### Task material
☆ ☆ ☆

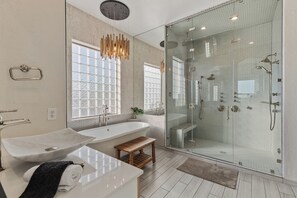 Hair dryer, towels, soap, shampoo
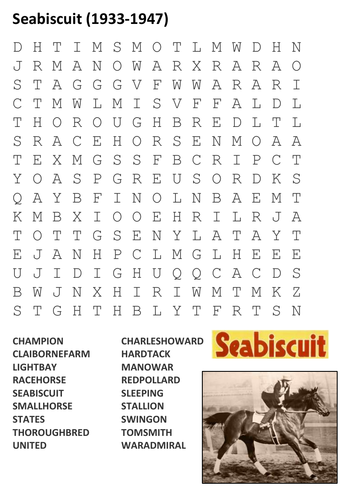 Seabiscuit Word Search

☆ ☆ ☆

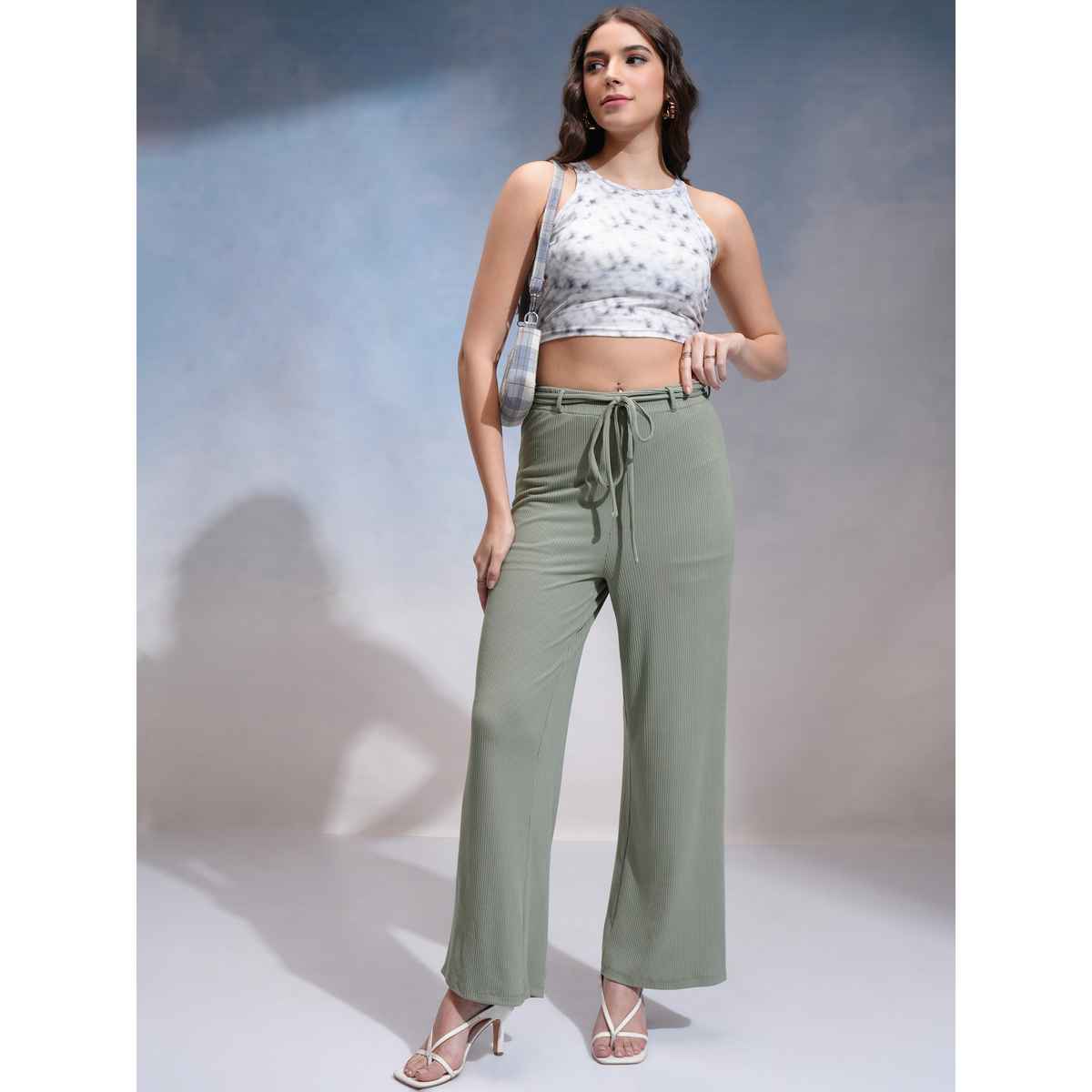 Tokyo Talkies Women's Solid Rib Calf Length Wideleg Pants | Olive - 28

☆ ☆ ☆

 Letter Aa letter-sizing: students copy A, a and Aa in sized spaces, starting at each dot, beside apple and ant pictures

☆ ☆ ☆

### Assigned task
Copy exactly, without pictures, the lines above from the one with "Hair dryer, towels, soap, shampoo" down to the one with "Seabiscuit Word Search", inclusive.

### Task answer
 Hair dryer, towels, soap, shampoo
 Seabiscuit Word Search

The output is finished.